Comparison: Which One To Choose For Your Project, Open Cell Foam or Closed Cell Foam?
Open Cell Foam
- Good for insulating around pipe and wire penetrations, or any gap 1” or smaller
- Generally the less expensive option, but you may need more of it than closed cell
- Easy to apply and requires no specific training, however you will need personal protective equipment
- Not preferred in humid locations
- Due to the expansion, open cell is not recommended around doors or windows
- Not as durable as closed cell foam, but both foams must be protected
Closed Cell Foam
- Closed cell foam is ideal when used as part of an energy conserving system, like a heat pump
- Offers both structural support and R value simultaneously in the high density form
- Offers excellent R value by volume, making closed cell foam ideal for walls, and ceiling whether they are framed or not
- About 50% more expensive than open cell foam
- Requires training in some versions, like a do-it-yourself kit
- If training is not available, professional installation is often the only other option
Summary: When Should You Choose Open Cell Foam
In most instances, open cell spray adhesive foam will offer the most benefits when applied to a small area. Open cell foam is perfect around pipe and wire penetrations, gas lines, and other openings 1” or smaller.
Open cell foam can be used in large areas, but because the foam offers about half of the R value of closed cell foam, the energy savings are smaller. Open cell foam used in a few small areas will reduce your overall energy costs by stopping drafts. Used on an entire home however, open cell foam will cost you about 50% of the effectiveness of your insulation.

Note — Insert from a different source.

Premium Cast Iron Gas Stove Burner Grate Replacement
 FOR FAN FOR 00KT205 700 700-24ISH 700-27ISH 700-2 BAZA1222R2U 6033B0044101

The over expansion of open cell foam often results in an additional step, as the foam must be trimmed evenly with the surface. The foam trimmed away is wasted, so compared to closed cell foam, the more open cell foam you use, the more expensive the project becomes.
Summary: When Should You Choose Closed Cell Foam
Closed cell spray adhesive foam is often the best choice for whole house installations, as the expansion of the foam can be better controlled. Closed cell foams only expand to about double their initial size, so there is usually no over-expanded material to be trimmed away.
Because closed cell foam provides about R-7 insulation in a single inch, closed cell foam is ideal for 2” x 4” walls that require R-13 or higher. Closed cell foam can provide about R-23 in a 2” x 4” wall and R-40 in a 2” x 6” wall.